Thursday, September 24, 2009

the first sentences

Out of the hundreds of books available in a bookstore, I admit I get attracted first to the one with the most intriguing title. And then the cover design helps. Then add the testimonies on the first and last flaps of the book.

But if I should salute the authors that I had read, I believe I shall do it on the account of their first sentences. I know that the first sentence is a delicate dish that each writer takes the most care in cooking, spicing up, garnishing and serving out. The first sentence must be interesting, significant, witty, and touching enough to let the reader decide that this must be a good read.

I'd like to go back to some of the books I have in the family room shelves and pick a few first sentences that caught my attention.

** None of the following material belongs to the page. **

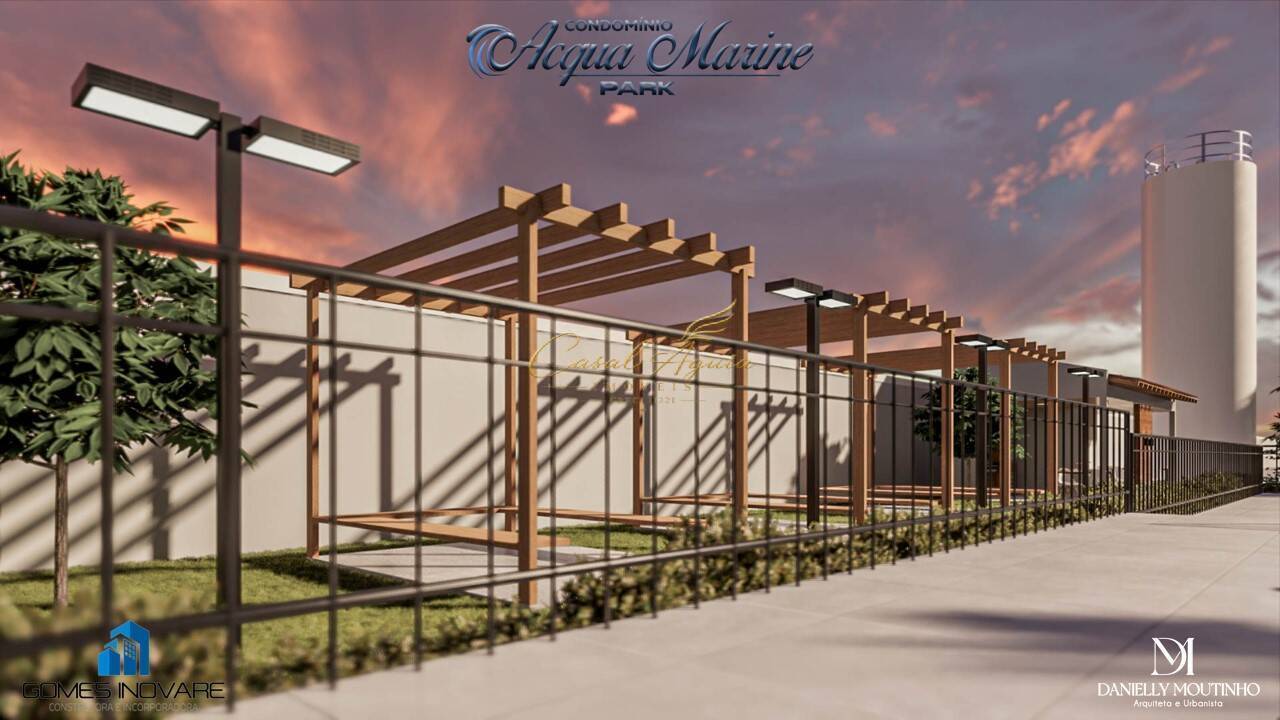 Terreno, 128 m² - Foto 51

At the end of this collection I shall poke some of my buddies and ask them to collect their own favorite intros as well.

"It may be that I am growing old in this world and have used up more than my share of allotted words and eager audiences."
- The Christmas Box by Richard Paul Evans

"In the last days of Narnia, far up to the west beyond Lantern Waste and close beside the great waterfall, there lived an Ape."
- The Last Battle by C.S. Lewis

"Manhattan, island of glittering dreams, slept in the predawn darkness."
- The First Wives Club by Olivia Goldsmith

"It was inevitable: the scent of bitter almonds always reminded him of the fate of unrequited love."
- Love in the Time of Cholera by Gabriel Garcia Marquez

"Money talks, but you may think that the conversation of a little old ten-dollar bill in New York would be nothing more than a whisper."
- The Tale of a Tainted Tenner by O. Henry

"The jury was ready."
- The Appeal by John Grisham

"By human standards it could not possibly have been artificial: It was the size of a world."
- Contact by Carl Sagan

"I became what I am today at the age of twelve, on a frigid overcast day in the winter of 1975."